Cela dit, la direction prise est importante. Après huit mois sous la barre des 50, le passage à l'expansion, même marginale, représente un changement significatif. Combiné à l'engagement de Pékin à mettre en place davantage de mesures de relance en 2026, il y a des raisons d'être prudemment optimiste quant au fait que le secteur manufacturier ait atteint son niveau le plus bas.
Conclusion
Ce que les nouveaux traders doivent retenir :
- Le PMI est un indicateur avancé: le seuil de 50 est super important. Au-dessus, ça veut dire expansion, en dessous, contraction. Le passage de la Chine à 50,1 suggère que les usines reprennent leur croissance, même si c'est lentement.

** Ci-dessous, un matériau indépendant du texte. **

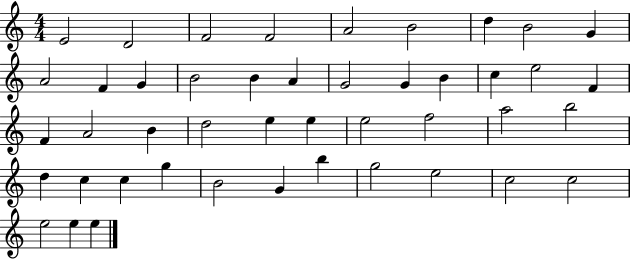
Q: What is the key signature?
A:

- L'économie chinoise stimule la demande mondiale de matières premières: quand le secteur manufacturier chinois se développe, les pays exportateurs de matières premières comme l'Australie en profitent grâce à l'augmentation de la demande en matières premières. Cette relation fait du PMI chinois un indicateur clé pour les traders de l'AUD et du NZD.
- La politique est aussi importante que les données: le moment choisi pour ce rebond, juste après que les dirigeants chinois aient promis de nouvelles mesures de relance, montre à quel point les attentes politiques peuvent influencer la confiance des entreprises et l'activité économique.
- Plusieurs facteurs influencent les devises: la récente hausse du dollar australien montre comment les mouvements des devises reflètent souvent plusieurs facteurs à la fois, dans ce cas-ci, la reprise de l'industrie manufacturière chinoise (qui soutient la demande de matières premières) et l'inflation persistante en Australie (qui fait monter les attentes de hausse des taux).
- Un optimisme prudent est de mise: un indice de 50,1 indique une expansion, mais celle-ci est fragile. Les petites entreprises sont en difficulté, les exportations restent faibles et les fabricants continuent de baisser leurs prix. Il s'agit d'une reprise provisoire, et non d'un boom fulgurant.
À surveiller
Les traders qui suivent la trajectoire économique de la Chine et son impact sur les devises liées aux matières premières devraient garder un œil sur :
Le rapport sur le PIB chinois du quatrième trimestre (prévu le 19 janvier 2026) : il permettra de confirmer plus largement si la stabilisation du secteur manufacturier se traduit par une croissance économique globale.
Le prochain rapport sur l'IPC australien (prévu le 28 janvier 2026) : un chiffre de l'inflation sous-jacente plus élevé que prévu, ou des niveaux toujours « élevés », pourrait pousser la RBA à augmenter ses taux lors de sa réunion du 3 février, ce qui pourrait prolonger la hausse de l'AUD.
Les données PMI chinoises de janvier (prévues vers le 31 janvier 2026) : le secteur manufacturier peut-il se maintenir au-dessus de 50 pour le deuxième mois de suite, ou le rebond de décembre était-il un cas isolé ?
Prix des matières premières: surveille le cuivre, le minerai de fer et d'autres métaux industriels. Si la reprise de l'industrie manufacturière chinoise est réelle, les prix des matières premières devraient se raffermir, ce qui donnerait un coup de pouce supplémentaire aux dollars australien et canadien.
Pour les traders qui commencent tout juste à comprendre comment les données économiques mondiales influencent les mouvements des devises, l'indice PMI chinois de décembre offre un exemple parfait : un résultat à peine supérieur au seuil qui, combiné à des mesures de relance et à une inflation persistante chez un partenaire commercial important, peut créer des opportunités intéressantes sur les marchés des changes. La leçon à en tirer ? Dans le trading, le contexte est tout aussi important que les chiffres eux-mêmes.
Cet article est juste à des fins éducatives. Il ne donne pas de conseils financiers. Le trading comporte des risques importants, et les performances passées ne garantissent pas les résultats futurs. Fais toujours tes propres recherches et pense à consulter un conseiller financier qualifié.